::: Provided records

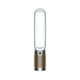 thumbnail image 1 of Purificador de aire y ventilador Dyson Purifier Cool Formaldehyde™ TP09, 1 of 3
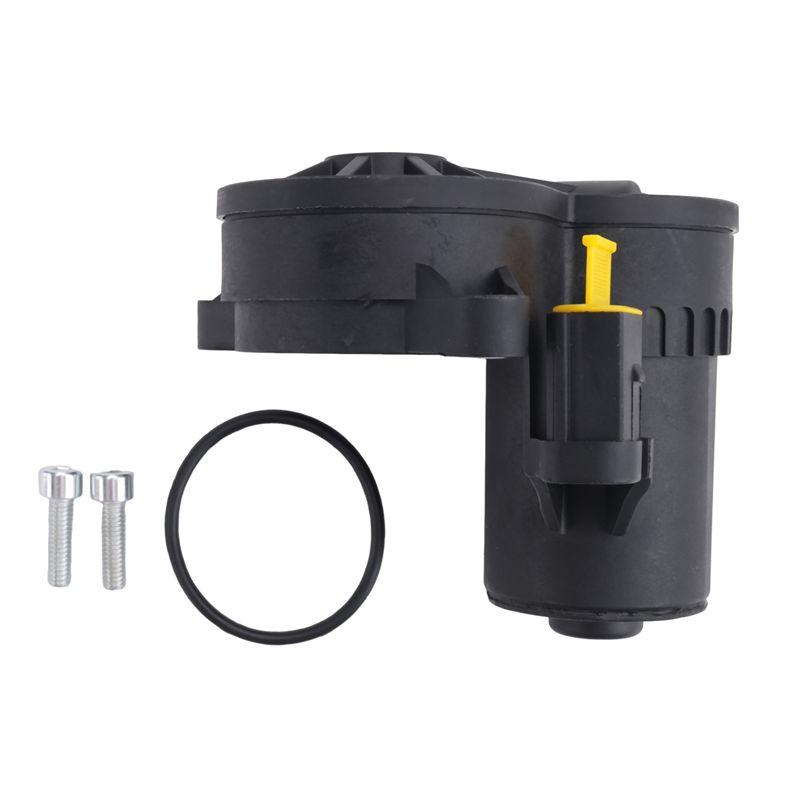 New High Quality Car Parking Brake Actuator For Honda Civic EX-L 1.5L 2.0L Auto Parts
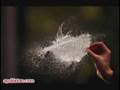 Burst - Schweppes - Cool Slow Motion Commercial ...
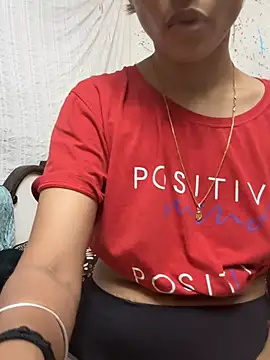 Snapshot of Romantic_couple69 chatting on July 2026 07:06:02 AM Romantic couple69 online show from July 2026 07:06:02 AM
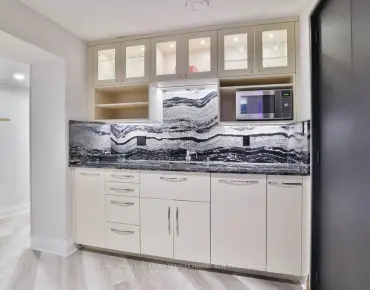 
952 Marygrace Crt East Credit, Mississauga 4 beds 4 baths 1 garage $999.9K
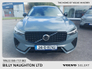 2024 VOLVO XC60 T6 PHEV ULIMATE DARK AWD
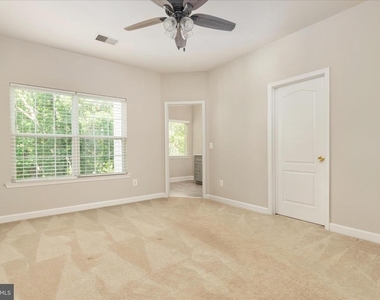 7579 Great Swan Court - Photo Thumbnail 17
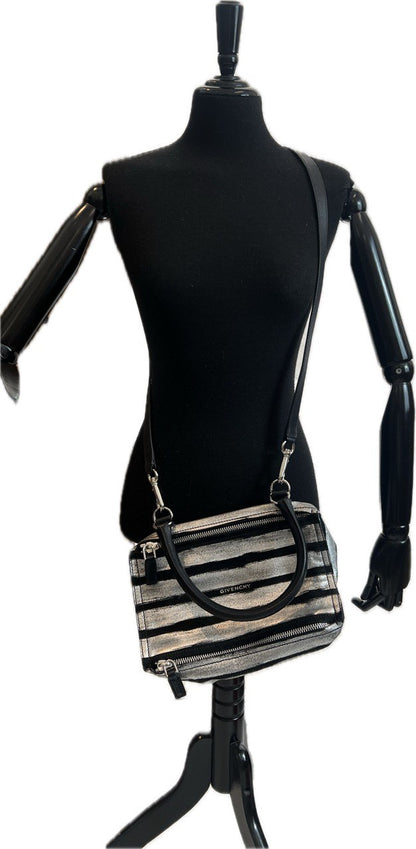 Givenchy - crossbody Bag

::::::

### Task
Leaving the pictures out, give again word for word each line from the one holding "New High Quality" through the end of the records.

### Solution
 New High Quality Car Parking Brake Actuator For Honda Civic EX-L 1.5L 2.0L Auto Parts
 Burst - Schweppes - Cool Slow Motion Commercial ...
 Snapshot of Romantic_couple69 chatting on July 2026 07:06:02 AM Romantic couple69 online show from July 2026 07:06:02 AM
952 Marygrace Crt East Credit, Mississauga 4 beds 4 baths 1 garage $999.9K
 2024 VOLVO XC60 T6 PHEV ULIMATE DARK AWD
 7579 Great Swan Court - Photo Thumbnail 17
 Givenchy - crossbody Bag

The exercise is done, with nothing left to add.